I've got some CE that I've got to do, so I decided to do one on Financial Planning with Insurance.  I got to the permanent policy section and got a review of Whole vs Universal.  The course doesn't give an opinion on which is better, just that they exist and how they work.  ALL of the permanent policies I've done have been Universal.  However, I know that I have some clients with Whole Life policies.   Most of them have tons of cash value and they aren't paying the premiums because of the dividends.  The hypos I've run tell me that Universal gives a bigger DB, but doesn't build a ton of cash value.  Just the opposite with Whole Life. 
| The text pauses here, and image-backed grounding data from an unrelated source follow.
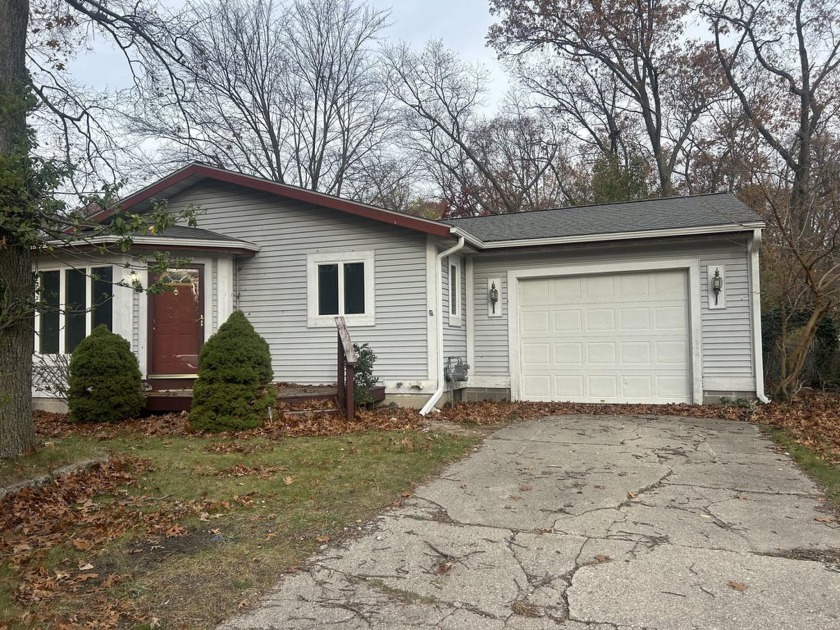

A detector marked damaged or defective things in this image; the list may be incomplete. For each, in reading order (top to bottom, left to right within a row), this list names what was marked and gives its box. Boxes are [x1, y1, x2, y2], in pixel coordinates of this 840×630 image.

cracked asphalt driveway [218, 418, 840, 628] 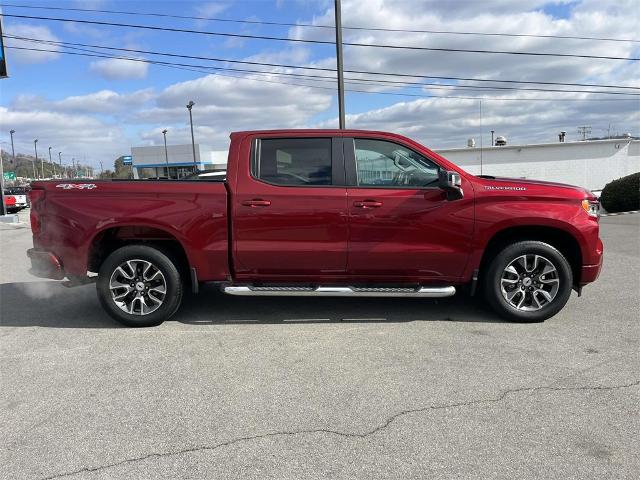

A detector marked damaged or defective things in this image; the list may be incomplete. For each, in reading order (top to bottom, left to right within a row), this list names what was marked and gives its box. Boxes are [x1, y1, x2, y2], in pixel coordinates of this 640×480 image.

crack in asphalt [42, 378, 636, 480] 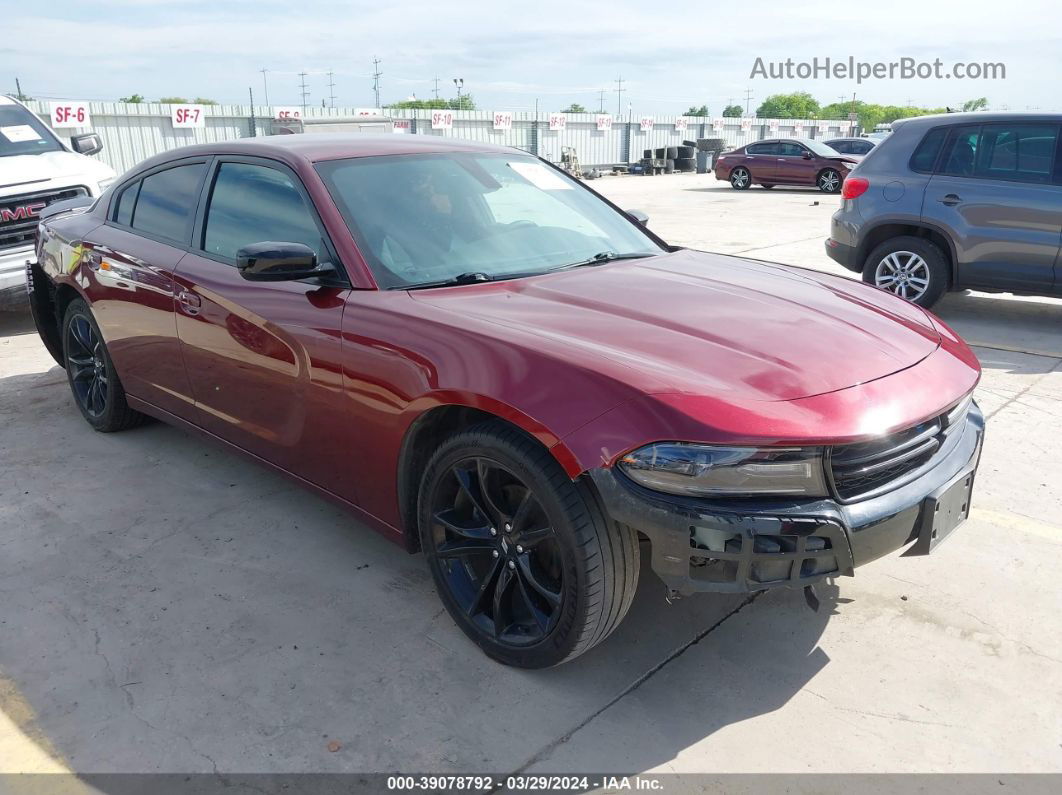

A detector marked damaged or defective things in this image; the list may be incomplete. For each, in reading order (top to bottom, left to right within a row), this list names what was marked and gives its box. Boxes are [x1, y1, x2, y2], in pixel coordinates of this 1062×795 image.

damaged front bumper [588, 404, 984, 596] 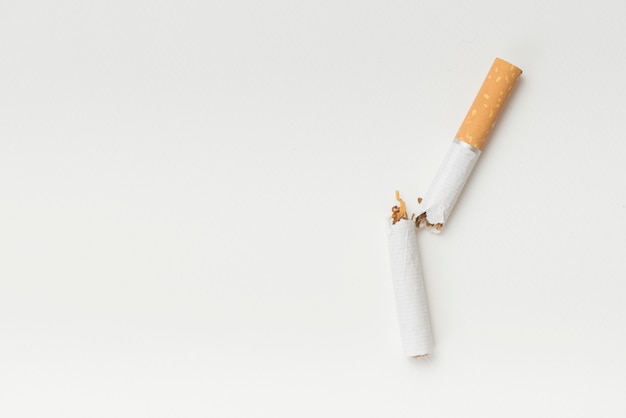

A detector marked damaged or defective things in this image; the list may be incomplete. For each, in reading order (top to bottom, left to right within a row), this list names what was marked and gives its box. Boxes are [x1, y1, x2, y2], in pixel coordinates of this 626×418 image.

broken cigarette half [414, 57, 520, 230]
broken cigarette [414, 57, 520, 230]
broken cigarette half [388, 191, 432, 358]
broken cigarette [388, 193, 432, 356]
Is it a matter of one being better than the other or is it a client preference issue?  Which do you guys prefer?
Feb 11, 2010 4:14 am

It's good you're looking at what to use and when.  Most advisors I see gravitate towards one over the other and be pretty dogmatic when they do.  What kinds of situations are you recommending permanent insurance?  That would give us a better idea of what to use and when.

Feb 11, 2010 2:21 pm

Spiff,

  The answer really is, it all depends.  Whole life, IMHO has a little more flexibility in terms of what to do with the dividends.  You can build up more death benefit, you can build up cash, you can take the income, you can allow the divs to pay the premiums.  I have found them very effective when bought at a young age and use the divs to buy paid up additions.  But that's just one example.      I am not a huge fan of universal, although it can have its place.  I find it useful for estate planning purposes for older people, or for younger people with large incomes and known future potential estate issues.  In these cases, you can split universal and term.  The term dies off when the kids are out of the house, and the universal keeps going.  The other case would be if you are simply buying death benefit at a really young age.  Let's say you start having kids at 23 and want coverage throughout their childhood (and you might have more kids).  Doesn't usually make sense to buy 20+ year term insurance.  If you are going to need DB for 25+ years, universal will get you more coverage for less dollars than WL.
Feb 11, 2010 3:16 pm

I'd say the situations I'm using them in would be fairly typical.  Similar to what B24 said.  Estate planning for older clients, second to die policies, things like that.  Very generic stuff.   For instance - I have a client who is simply looking to pass on the most money she can to her kids.  She's 72 and has about $500K in funds to work with.  She doesn't need the money for income.  We've taken care of LTC.  She hates the volatility of the market, but would love to pass more money on.  We've talked about insurance and she likes the idea of the leverage.  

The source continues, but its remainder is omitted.